Implications for the C-suite
For executives, this shift presents both an opportunity and a challenge. The opportunity lies in making procurement a strategic lever—not just for cost, but for growth, resilience, and environmental, social, and governance (ESG). AI can enable smarter design-to-value decisions, more agile supplier networks, and better capital allocation.
But capturing this value requires leadership. Specifically, executives should consider the following:
- Rethinking organizational roles. As agents take on execution, teams must be reskilled for strategy, exception management, and insight interpretation.
- Investing in data readiness. Clean, connected data is the fuel of AI. Organizations must make bold moves to build and maintain their procurement data spine. In a world of ubiquitous large language models (LLMs), competitive edge comes from specific context and domain signals.
- Embedding change, not just tools. Successful transformations pair technology with operating model redesign, new KPIs, and strong change leadership. AI must be integrated into the rhythms and rituals of how work gets done.
- Elevating the procurement agenda. With AI, procurement becomes a board-level lever. Executives must align procurement’s ambitions with enterprise goals—sustainability, innovation, supply-chain resilience—and ensure cross-functional integration.

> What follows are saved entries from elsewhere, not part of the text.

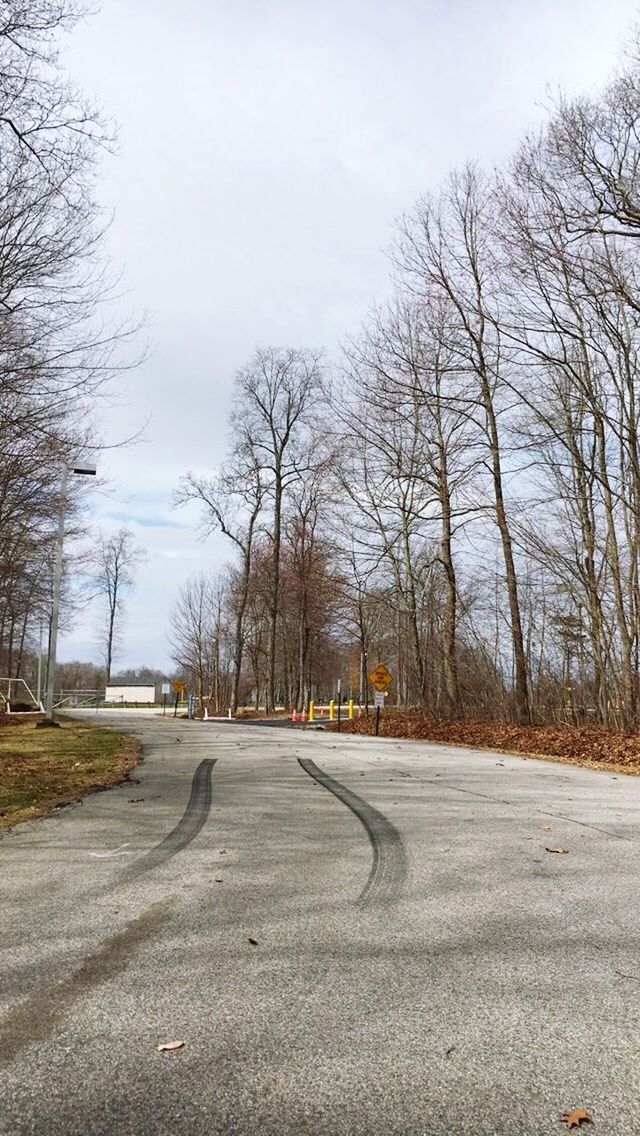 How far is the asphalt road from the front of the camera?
2.56m

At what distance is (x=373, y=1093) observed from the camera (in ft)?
8.59

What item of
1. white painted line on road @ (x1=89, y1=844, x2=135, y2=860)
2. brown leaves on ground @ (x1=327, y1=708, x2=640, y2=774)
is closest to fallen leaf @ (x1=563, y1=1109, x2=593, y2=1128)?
white painted line on road @ (x1=89, y1=844, x2=135, y2=860)

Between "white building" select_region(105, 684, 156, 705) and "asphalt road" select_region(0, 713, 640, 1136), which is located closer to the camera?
"asphalt road" select_region(0, 713, 640, 1136)

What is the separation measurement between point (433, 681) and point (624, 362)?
1510 centimetres

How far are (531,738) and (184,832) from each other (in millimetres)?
13800

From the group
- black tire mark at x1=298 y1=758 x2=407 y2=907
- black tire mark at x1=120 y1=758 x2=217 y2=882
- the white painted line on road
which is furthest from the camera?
the white painted line on road

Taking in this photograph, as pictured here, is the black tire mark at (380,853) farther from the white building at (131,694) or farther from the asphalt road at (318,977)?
the white building at (131,694)

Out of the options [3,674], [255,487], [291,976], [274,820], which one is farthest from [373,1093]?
[3,674]

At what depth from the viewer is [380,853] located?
6.21 m

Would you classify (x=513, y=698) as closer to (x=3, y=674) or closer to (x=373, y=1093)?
(x=373, y=1093)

From measured savings to procurement ROI
A rewired procurement function will require companies to rethink the way they measure impact. Procurement ROI is a single metric that makes sense. It is defined as the total value created divided by the total cost to achieve that impact. Value includes realized savings, leakage avoided, working-capital and risk benefits, and revenue enablement. AI lifts value by expanding category management coverage beyond today’s bandwidth, improving outcomes in every negotiation, and opening new pools of value such as automated tail-spend repricing and tighter compliance. Cost reflects the full run rate of people (internal and external), technology, data, and change management. AI shifts that mix—more platform and data investment, a leaner team with different skills. With the right sequencing, uplift is visible within months as agents move from pilot to production and the operating model evolves.
A practical road map
While the technology is ready, each organization’s path to transformation will be different. That said, successful efforts often follow a consistent approach:
- Activate no-regret agents now. There are already agentic AI solutions that companies can apply off the shelf. Examples include category copilots, RFx generation and analytics, contract optimization, invoice-to-contract compliance, or tail repricing systems.

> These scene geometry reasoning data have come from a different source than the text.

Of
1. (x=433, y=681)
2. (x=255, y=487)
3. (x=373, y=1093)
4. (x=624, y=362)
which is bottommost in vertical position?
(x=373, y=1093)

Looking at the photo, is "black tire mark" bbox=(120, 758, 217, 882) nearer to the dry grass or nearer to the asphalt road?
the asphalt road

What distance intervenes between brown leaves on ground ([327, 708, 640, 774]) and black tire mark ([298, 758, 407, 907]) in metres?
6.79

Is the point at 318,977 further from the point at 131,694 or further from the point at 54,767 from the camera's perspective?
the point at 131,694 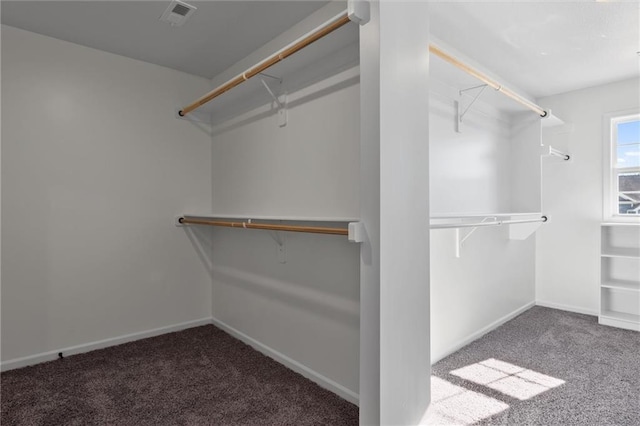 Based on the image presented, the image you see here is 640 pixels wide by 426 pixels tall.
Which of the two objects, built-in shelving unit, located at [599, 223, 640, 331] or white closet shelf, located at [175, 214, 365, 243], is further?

- Define the long-term vision and value case. Focus on business outcomes—not just use cases or tools.
- Start focused, scale fast. Pick two or three high-impact categories or domains to reimagine. Use success to build momentum.
- Build the right team. Combine procurement, data, AI, and change expertise to create a cross-functional taskforce.
- Invest in capability building. Don’t wait for AI to arrive—start upskilling teams today.
- Establish feedback and learning loops. AI systems improve with use. Treat every cycle as a learning opportunity.
AI in procurement is not a feature—it is a new foundation. Anchor decisions in procurement ROI: total value created. AI rewiring of procurement redefines what is possible in cost management, supplier collaboration, and business agility.
The path is a recipe, not a pilot: Build the data spine; activate no-regret agents across sourcing, negotiation, and value preservation; and rewire roles and processes for human and agent ways of working. This is leadership work—challenging legacy systems, setting clear guardrails, and investing in capabilities that compound.
For chief procurement officers (CPOs) and their C-suite peers, this is a once-in-a-generation opportunity to elevate procurement from a support function to a source of strategic advantage. Those who seize it will define the next frontier of enterprise value. Those who delay risk being left behind—not just by competitors, but by their own suppliers.